ELECTRIC vehicles should become a key part of Scotland’s coronavirus recovery, lobbyists claim.

Official measures reveal air pollution has plummeted over the lockdown period, when road and air traffic levels fell dramatically.

There’s been a near-50% fall in levels of airborne particulate matter – linked to lung and other health problems – at some of the country’s most polluted urban roads, with levels of harmful nitrogen oxide emissions down by 80% on Glasgow’s Hope Street and St John’s Road in Edinburgh.

The figures are based on year-on-year comparisons and Professor James Lee, of the National Centre for Atmospheric Science at York University, has said the lockdown levels could provide “a window into what the air in cities might be like in 10, 15, 20 years’ time”, if travellers move away from petrol and diesel vehicles to electric alternatives.

Now the Electric Vehicle Association (EVA) Scotland is using the air quality improvements to call for an acceleration of Scotland’s e-mobility targets. The organisation, which aims to be “the voice of the electric vehicle movement all over Scotland”, is calling on Holyrood to move the goal of phasing out sales of new fossil-fuel cars and vans from 2032 to 2025 as part of the coronavirus recovery strategy.

EVA Scotland chair Alister Hamilton said: “Air pollution has plummeted as a result of the forced lockdown from Covid-19 and as we rebuild our economy we should not allow ourselves to return to normal pollution levels.
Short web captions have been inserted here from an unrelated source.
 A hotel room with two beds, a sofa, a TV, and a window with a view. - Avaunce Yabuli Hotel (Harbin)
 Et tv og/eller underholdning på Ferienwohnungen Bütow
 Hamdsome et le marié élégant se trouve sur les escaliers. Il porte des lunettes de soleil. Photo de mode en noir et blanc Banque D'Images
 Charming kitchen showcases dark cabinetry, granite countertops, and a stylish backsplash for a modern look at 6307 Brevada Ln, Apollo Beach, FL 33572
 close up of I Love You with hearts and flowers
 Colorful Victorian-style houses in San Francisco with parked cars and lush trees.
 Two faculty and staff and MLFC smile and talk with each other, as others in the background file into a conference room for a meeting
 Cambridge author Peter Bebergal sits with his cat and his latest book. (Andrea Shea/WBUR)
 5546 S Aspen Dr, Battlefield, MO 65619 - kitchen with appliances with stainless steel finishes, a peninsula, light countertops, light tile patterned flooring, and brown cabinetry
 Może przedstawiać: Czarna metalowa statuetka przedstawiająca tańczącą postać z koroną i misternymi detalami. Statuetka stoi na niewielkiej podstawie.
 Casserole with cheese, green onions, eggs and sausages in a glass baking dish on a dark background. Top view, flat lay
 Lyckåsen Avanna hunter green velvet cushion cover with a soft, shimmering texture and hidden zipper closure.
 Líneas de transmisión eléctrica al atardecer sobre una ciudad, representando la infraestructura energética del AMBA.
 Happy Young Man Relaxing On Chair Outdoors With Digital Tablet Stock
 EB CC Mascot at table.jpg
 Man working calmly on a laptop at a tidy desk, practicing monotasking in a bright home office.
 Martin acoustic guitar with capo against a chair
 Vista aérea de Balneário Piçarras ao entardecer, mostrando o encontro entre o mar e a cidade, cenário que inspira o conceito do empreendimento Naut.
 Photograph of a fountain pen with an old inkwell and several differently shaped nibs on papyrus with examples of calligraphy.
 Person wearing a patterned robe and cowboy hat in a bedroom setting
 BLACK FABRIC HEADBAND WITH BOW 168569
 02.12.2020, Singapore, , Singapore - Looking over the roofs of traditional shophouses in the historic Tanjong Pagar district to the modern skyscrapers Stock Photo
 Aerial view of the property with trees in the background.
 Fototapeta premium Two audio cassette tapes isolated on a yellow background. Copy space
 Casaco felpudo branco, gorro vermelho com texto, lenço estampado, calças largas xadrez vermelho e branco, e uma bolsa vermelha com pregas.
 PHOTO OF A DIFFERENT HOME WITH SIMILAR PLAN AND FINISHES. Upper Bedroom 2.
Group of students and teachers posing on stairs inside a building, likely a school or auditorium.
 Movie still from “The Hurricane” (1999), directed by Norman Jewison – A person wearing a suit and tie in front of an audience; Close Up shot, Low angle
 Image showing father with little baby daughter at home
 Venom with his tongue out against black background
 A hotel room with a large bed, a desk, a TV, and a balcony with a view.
“EVA Scotland is calling for the Scottish Government to adopt more aggressive targets including phasing out the sale of new petrol and diesel cars by 2025.

“This is both an environmental strategy and an economic one. Scotland has the ambition and resources to lead the way in the UK for the adoption of electric vehicles, and now is the time to bring all the stakeholders together who can make it happen.”

He added: “Coronavirus is a terrible cloud for us all, but we must embrace its silver linings where they exist, and one of them is to grab onto our improved air pollution.”